*** EXERCISE DATA Section Begins ***

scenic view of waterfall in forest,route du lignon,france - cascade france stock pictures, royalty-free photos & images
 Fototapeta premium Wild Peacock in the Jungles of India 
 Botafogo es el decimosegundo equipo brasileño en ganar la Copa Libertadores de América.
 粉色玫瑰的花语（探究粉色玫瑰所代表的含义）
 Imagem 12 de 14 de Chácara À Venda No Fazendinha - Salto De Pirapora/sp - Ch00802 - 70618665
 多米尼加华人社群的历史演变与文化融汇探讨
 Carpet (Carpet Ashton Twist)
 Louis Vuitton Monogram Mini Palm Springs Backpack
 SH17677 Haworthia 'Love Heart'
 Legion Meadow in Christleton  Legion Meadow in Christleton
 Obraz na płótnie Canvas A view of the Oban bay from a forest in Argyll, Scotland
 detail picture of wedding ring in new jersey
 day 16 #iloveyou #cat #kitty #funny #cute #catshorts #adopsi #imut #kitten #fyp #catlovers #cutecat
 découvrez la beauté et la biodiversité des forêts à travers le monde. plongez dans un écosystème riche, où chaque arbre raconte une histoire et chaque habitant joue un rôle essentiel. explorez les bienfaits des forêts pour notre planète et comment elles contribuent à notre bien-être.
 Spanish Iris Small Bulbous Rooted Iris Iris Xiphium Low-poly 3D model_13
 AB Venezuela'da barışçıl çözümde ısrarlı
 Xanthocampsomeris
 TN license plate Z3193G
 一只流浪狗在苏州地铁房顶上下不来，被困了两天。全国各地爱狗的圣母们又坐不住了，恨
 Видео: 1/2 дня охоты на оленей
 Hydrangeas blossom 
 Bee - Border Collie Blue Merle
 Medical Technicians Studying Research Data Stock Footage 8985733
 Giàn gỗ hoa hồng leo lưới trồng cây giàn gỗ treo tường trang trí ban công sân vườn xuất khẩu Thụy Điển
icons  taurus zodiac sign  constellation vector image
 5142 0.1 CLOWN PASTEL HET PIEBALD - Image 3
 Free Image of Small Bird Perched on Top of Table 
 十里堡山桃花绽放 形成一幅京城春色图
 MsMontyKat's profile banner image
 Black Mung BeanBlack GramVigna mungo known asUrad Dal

*** EXERCISE DATA Section Ends ***

### TASK DETAILS
Lines after the one containing "constellation vector image" are not wanted; repeat exactly each line above from the first up to and including it.

### EXERCISE ANSWER
scenic view of waterfall in forest,route du lignon,france - cascade france stock pictures, royalty-free photos & images
 Fototapeta premium Wild Peacock in the Jungles of India 
 Botafogo es el decimosegundo equipo brasileño en ganar la Copa Libertadores de América.
 粉色玫瑰的花语（探究粉色玫瑰所代表的含义）
 Imagem 12 de 14 de Chácara À Venda No Fazendinha - Salto De Pirapora/sp - Ch00802 - 70618665
 多米尼加华人社群的历史演变与文化融汇探讨
 Carpet (Carpet Ashton Twist)
 Louis Vuitton Monogram Mini Palm Springs Backpack
 SH17677 Haworthia 'Love Heart'
 Legion Meadow in Christleton  Legion Meadow in Christleton
 Obraz na płótnie Canvas A view of the Oban bay from a forest in Argyll, Scotland
 detail picture of wedding ring in new jersey
 day 16 #iloveyou #cat #kitty #funny #cute #catshorts #adopsi #imut #kitten #fyp #catlovers #cutecat
 découvrez la beauté et la biodiversité des forêts à travers le monde. plongez dans un écosystème riche, où chaque arbre raconte une histoire et chaque habitant joue un rôle essentiel. explorez les bienfaits des forêts pour notre planète et comment elles contribuent à notre bien-être.
 Spanish Iris Small Bulbous Rooted Iris Iris Xiphium Low-poly 3D model_13
 AB Venezuela'da barışçıl çözümde ısrarlı
 Xanthocampsomeris
 TN license plate Z3193G
 一只流浪狗在苏州地铁房顶上下不来，被困了两天。全国各地爱狗的圣母们又坐不住了，恨
 Видео: 1/2 дня охоты на оленей
 Hydrangeas blossom 
 Bee - Border Collie Blue Merle
 Medical Technicians Studying Research Data Stock Footage 8985733
 Giàn gỗ hoa hồng leo lưới trồng cây giàn gỗ treo tường trang trí ban công sân vườn xuất khẩu Thụy Điển
icons  taurus zodiac sign  constellation vector image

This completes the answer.